Measurement of cross-sectional velocity distribution of pneumatically conveyed particles in a square-shaped pipe through electrostatic sensing and Gaussian process regression

Online continuous measurement of the cross-sectional velocity distribution of pneumatically conveyed solids in a square-shaped pipe is desirable in monitoring and optimizing circulating fluidized beds, coal-fired power plants and exhaust pipes. Due to the limitation of non-invasive electrostatic sensors in spatial sensitivity, it is difficult to accurately measure the velocity of particles in large diameter pipes.
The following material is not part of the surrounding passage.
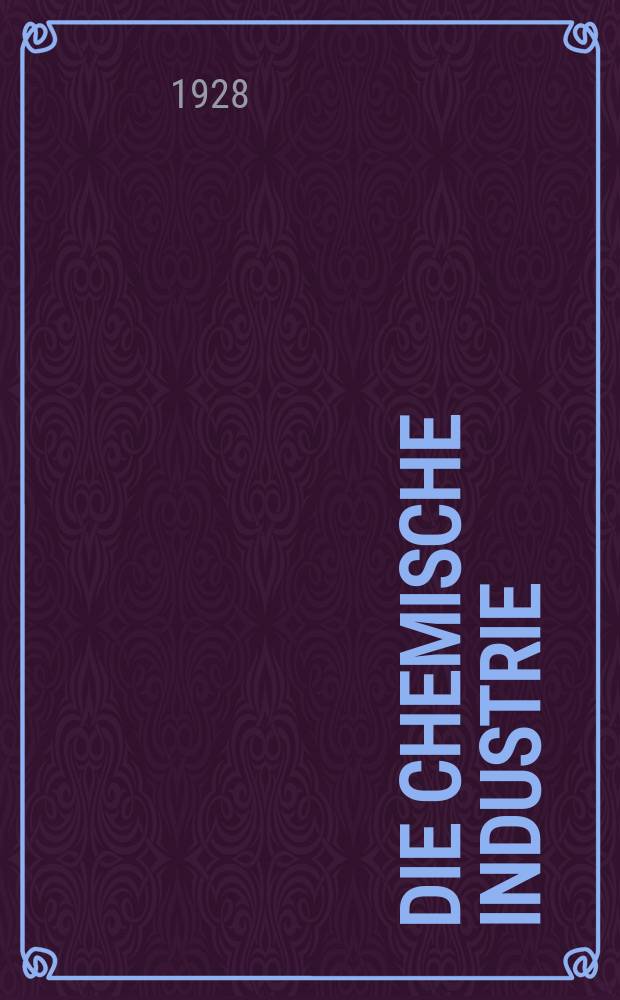 Die Chemische Industrie : Monatsschrift hrsg. von Verein zur Wahrung der Interessen der chemischen Industrie Deutschlands. Jg.51 1928, №33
In this paper, a novel approach is presented for the measurement of cross-sectional particle velocity distribution in a square-shaped pipe using sensors and Gaussian process regression (GPR). The electrostatic sensor includes twelve pairs of strip-shaped electrodes. Experimental tests were conducted on a laboratory test rig to measure the cross-sectional particle velocities in a vertical square pipe under various experimental conditions. The GPR model is developed to infer the relationship between the input variables of velocities and the cross-sectional velocity distribution of particles. Results obtained suggest that the electrostatic sensor in conjunction with the GPR model is a feasible approach to obtain the cross-sectional velocity distribution of pneumatically conveyed particles in a square-shaped pipe.